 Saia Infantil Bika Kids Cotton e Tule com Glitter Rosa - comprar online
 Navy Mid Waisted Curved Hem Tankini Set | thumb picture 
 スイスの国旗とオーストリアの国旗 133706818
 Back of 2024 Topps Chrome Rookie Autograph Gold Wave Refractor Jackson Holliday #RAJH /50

----

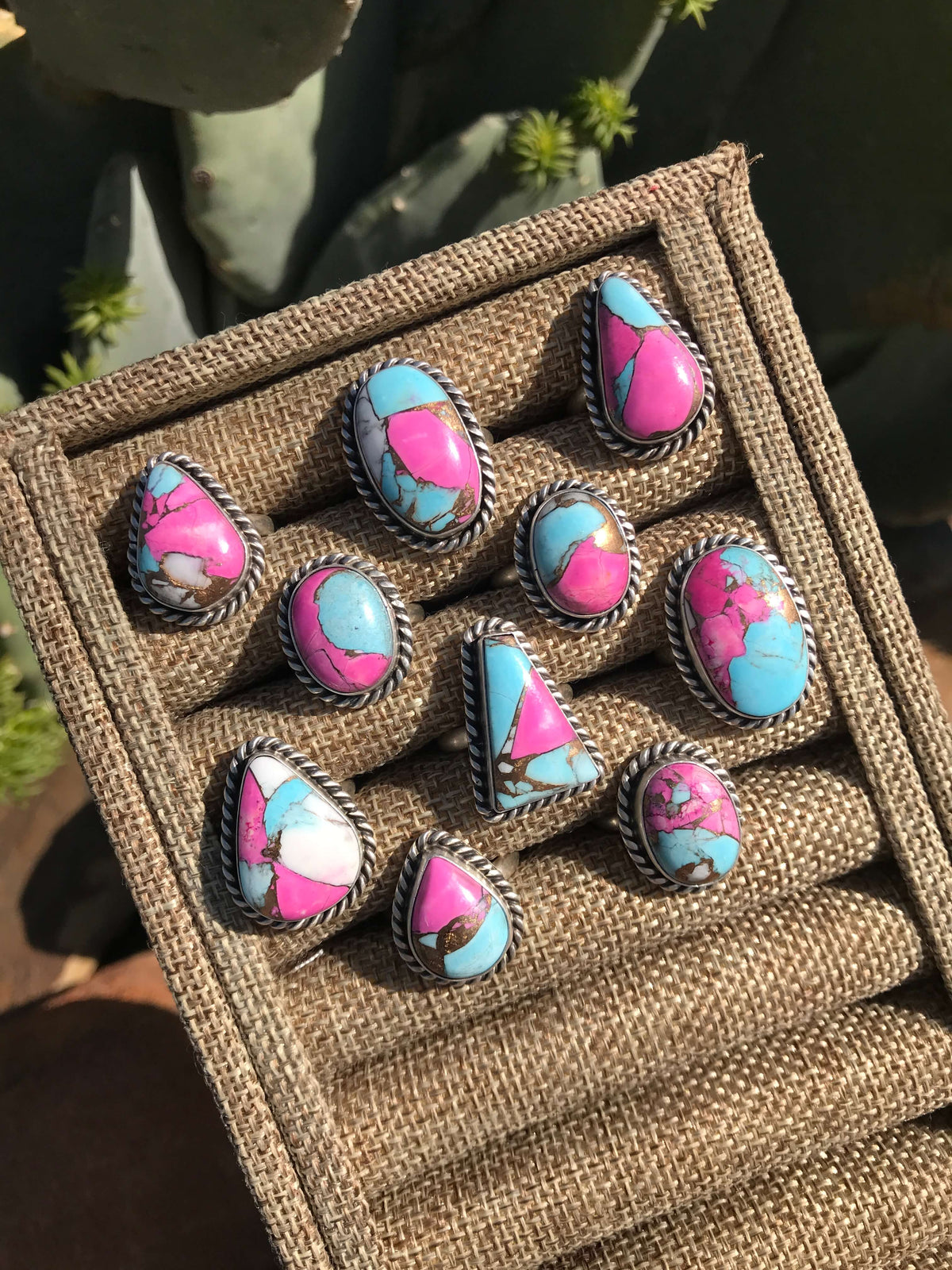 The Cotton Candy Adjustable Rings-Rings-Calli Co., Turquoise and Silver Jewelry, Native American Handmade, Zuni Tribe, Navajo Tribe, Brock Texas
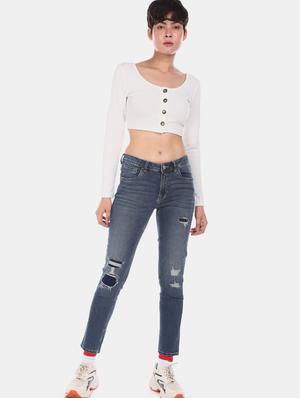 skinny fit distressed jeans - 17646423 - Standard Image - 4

----

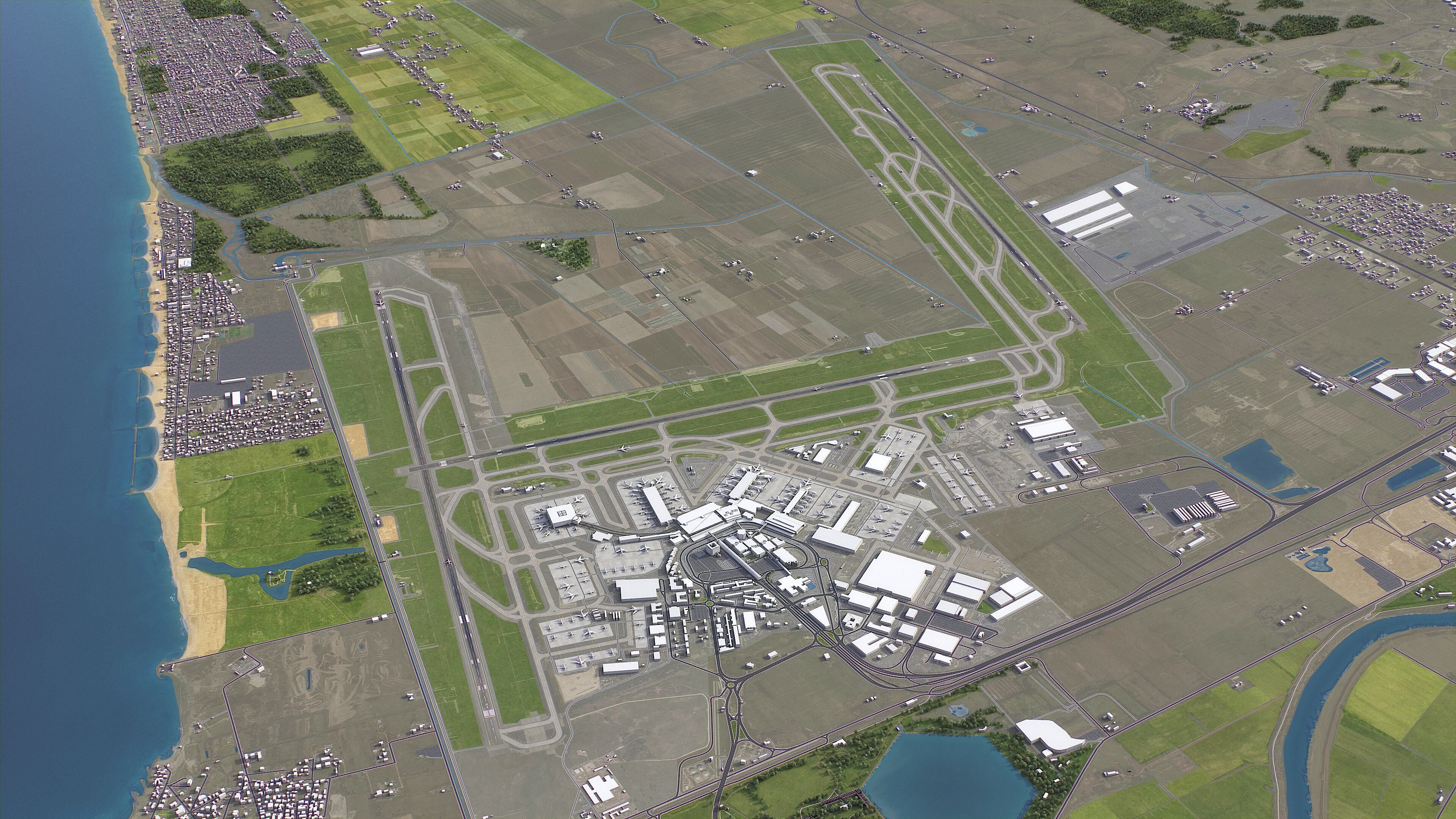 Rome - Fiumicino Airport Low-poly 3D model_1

----

▶ Brief: Reproduce the listing above exactly from the line containing "The Cotton Candy" up to and including the line containing "skinny fit distressed", omitting any images and everything outside those lines.

▶ Response:
 The Cotton Candy Adjustable Rings-Rings-Calli Co., Turquoise and Silver Jewelry, Native American Handmade, Zuni Tribe, Navajo Tribe, Brock Texas
 skinny fit distressed jeans - 17646423 - Standard Image - 4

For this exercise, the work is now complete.